### Supplied information
****************************************

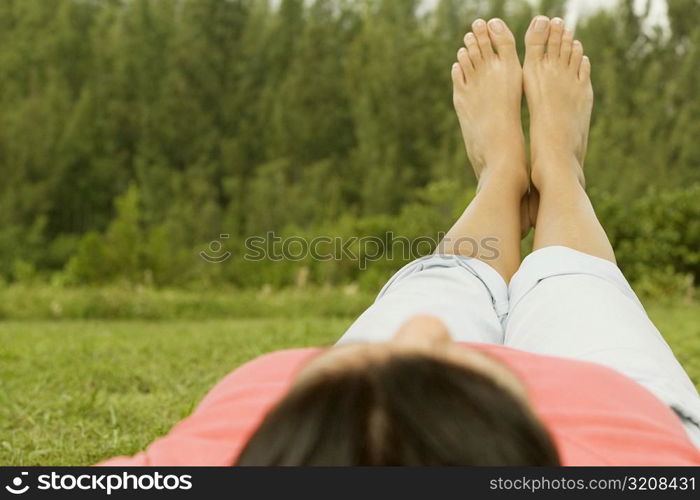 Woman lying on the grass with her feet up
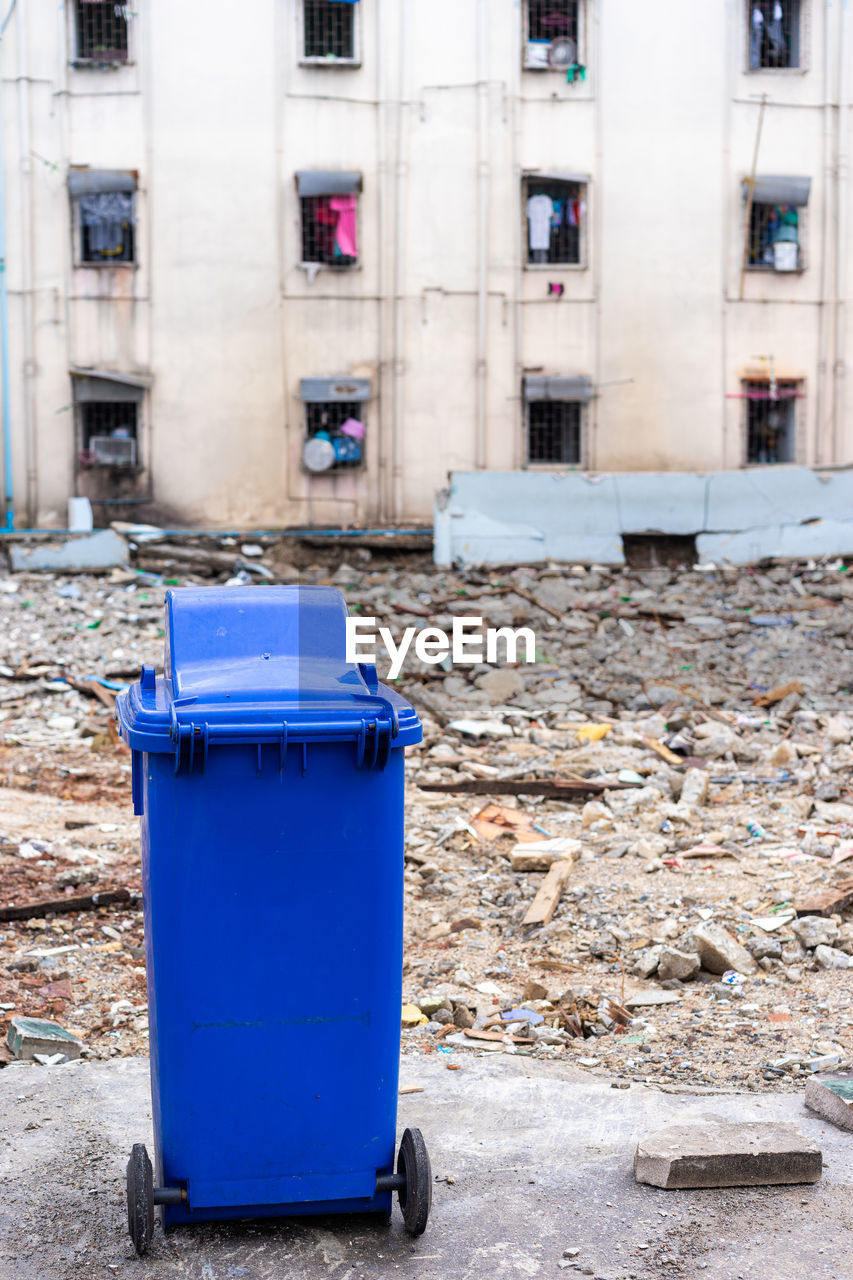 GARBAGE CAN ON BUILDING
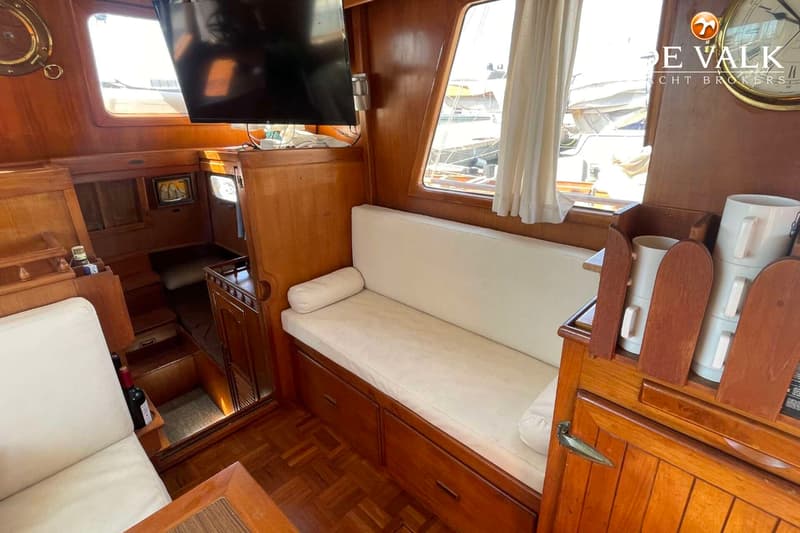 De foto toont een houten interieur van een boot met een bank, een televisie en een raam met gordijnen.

****************************************

### Brief
Set the material down exactly, images excluded.

### Exercise response
 Woman lying on the grass with her feet up
 GARBAGE CAN ON BUILDING
 De foto toont een houten interieur van een boot met een bank, een televisie en een raam met gordijnen.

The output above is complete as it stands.